In 2019, SEAT allocated 1.259 billion euros to accelerate its investment programme, mainly for the development of new models, including electrified vehicles. This is 3% more than in 2018 (1.223) and is the highest amount in the company’s history. Of this volume, 705 million, 6.4% of the total turnover figure, was allocated entirely to R&D, 7.5% more than in 2018 (656). Almost 5% of the total R&D expenditure in Spain in 2019 corresponded to SEAT, the country’s leading industrial investor in R&D.
Furthermore, operating cash flow went up by 56.2% to 1.092 billion euros (2018: 699), 9.8% of turnover. SEAT is one of the 10 best Spanish companies in terms of operating cash flow, which demonstrates its financial sustainability as well as the capacity to self-finance future investments.
Isensee pointed out that “these figures support SEAT’s financial strength. The efforts made by all areas of the company to optimise expenses have enabled us to achieve efficiencies in product costs, promote innovation among our suppliers and control indirect costs. Our main objectives are to increase the profitability of the range, gain efficiency and improve our operating margin.”

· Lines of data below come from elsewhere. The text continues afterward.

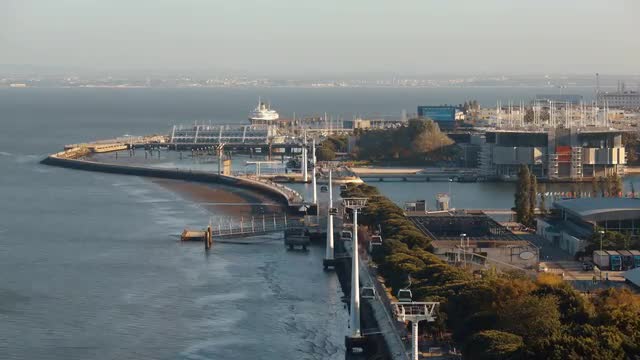 Timelapse of cable car traffic over Lisbon waterfront, Portugal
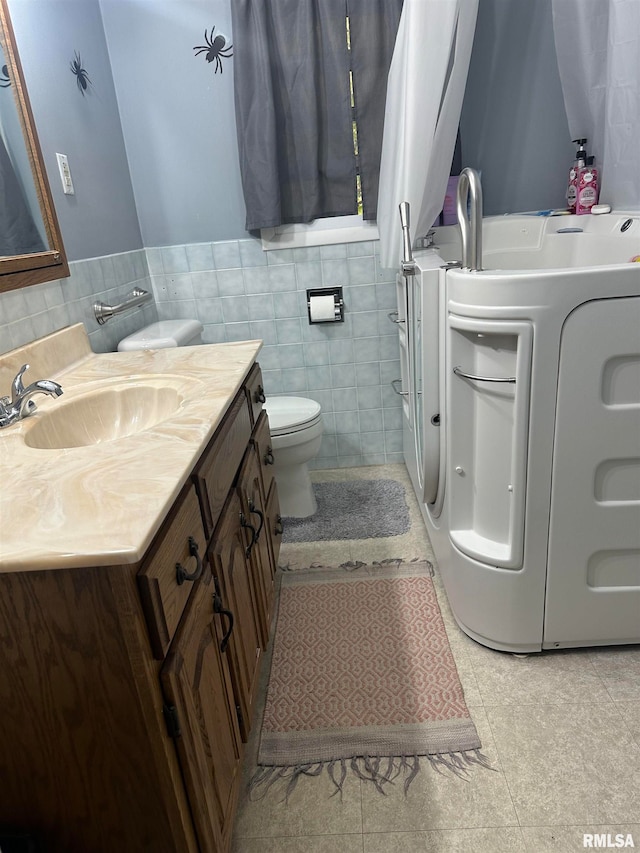 bathroom featuring tile walls, toilet, independent washer and dryer, vanity, and tile patterned flooring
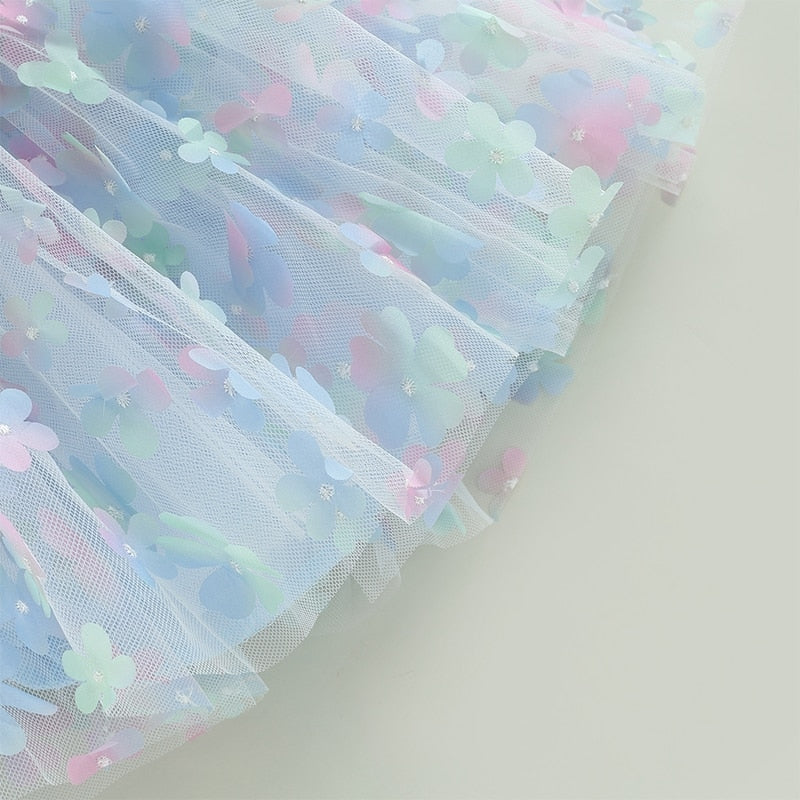 Children's blue tulle dress with colorful flowers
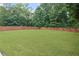 A spacious, well-maintained backyard featuring lush green grass and a privacy fence surrounded by mature trees at 5928 Edenfield Nw Dr, Acworth, GA 30101
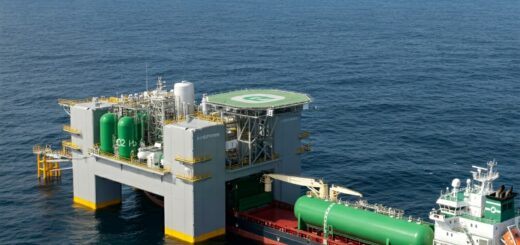 Offshore-Wasserstoffproduktionsplattform mit Windturbinen, die grünen Wasserstoff erzeugt. Ein Transportschiff wird beladen.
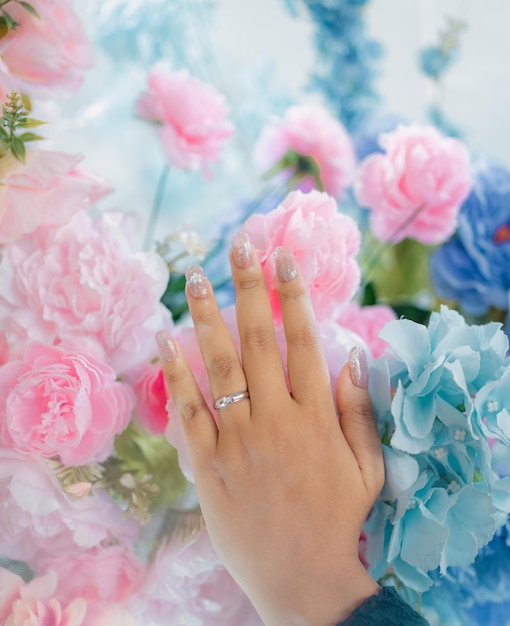 La main d'une femme avec une bague au doigt est entourée de fleurs.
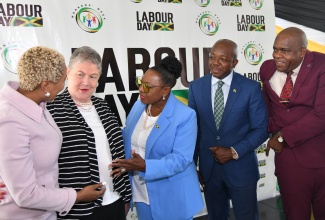 Minister of Culture, Gender, Entertainment and Sport, Hon. Olivia Grange (centre), engages with Professor Emerita, University of the West Indies (UWI) Mona Ageing and Wellness Centre, Dr. Denise Eldemire-Shearer (second left); and HEART/NSTA Trust Managing Director, Dr. Taneisha Ingleton (left), during Friday’s (May 10) Workers’ Week and Labour Day launch, at the Ministry’s offices in New Kingston. Looking on are Minister of Labour and Social Security, Hon. Pearnel Charles Jr. (second right), and Director of the UWI’s Centre for Disability Studies, Senator, Dr. Floyd Morris. 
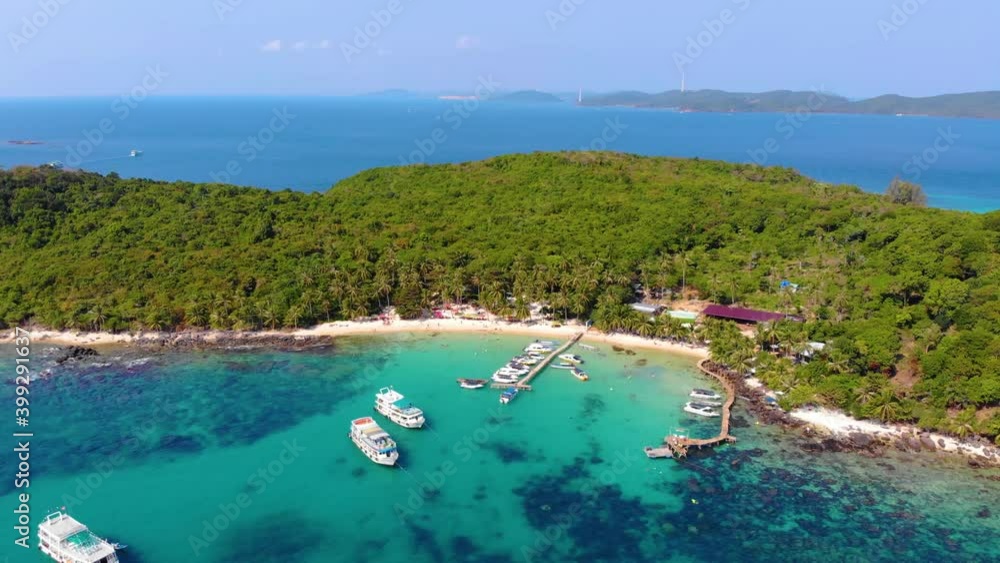Aerial view of beautiful landscape, tourism boats, and people swimming on the sea and beach on May Rut island (a tranquil island with beautiful beach) in Phu Quoc, Kien Giang, Vietnam. Aerial view of beautiful landscape, tourism boats, and people swimming on the sea and beach on May Rut island (a tranquil island with beautiful beach) in Phu Quoc, Kien Giang, Vietnam.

Sales, a strong pillar of growth
SEAT deliveries totalled a record high for the second year running, amounting to 574,078 vehicles delivered in 2019, up 10.9% from a year earlier. The positive evolution of this result was based on the commercialisation of vehicles with a higher contribution margin. In 2019, SEAT increased its average revenue per vehicle by 4.2% to 15,050 euros/car (2018: 14,450 euros) thanks to SUVs (44% of the cars sold by SEAT in 2019 were either Arona, Ateca or Tarraco models) and CUPRA. The new brand made a substantial contribution to these results, with sales reaching 24,662 units, 71.8% more than the year before.
In 2019, SEAT’s exports of both vehicles and components reached 81% of turnover (9.014 billion euros), a figure that consolidates it as Spain’s leading industrial exporter, with around 3% of the country’s total exports.
In this context, and as part of its global strategy, the company looks to Latin America with the ambition of growing in this region in the future. Mexico is the leading market in Latin America with 24,314 vehicles sold last year, 5.4% more than in 2018. SEAT started its commercial activity in Chile last year and launched an expansion plan in Colombia. In February 2020, the brand also kicked off a growth strategy in Peru.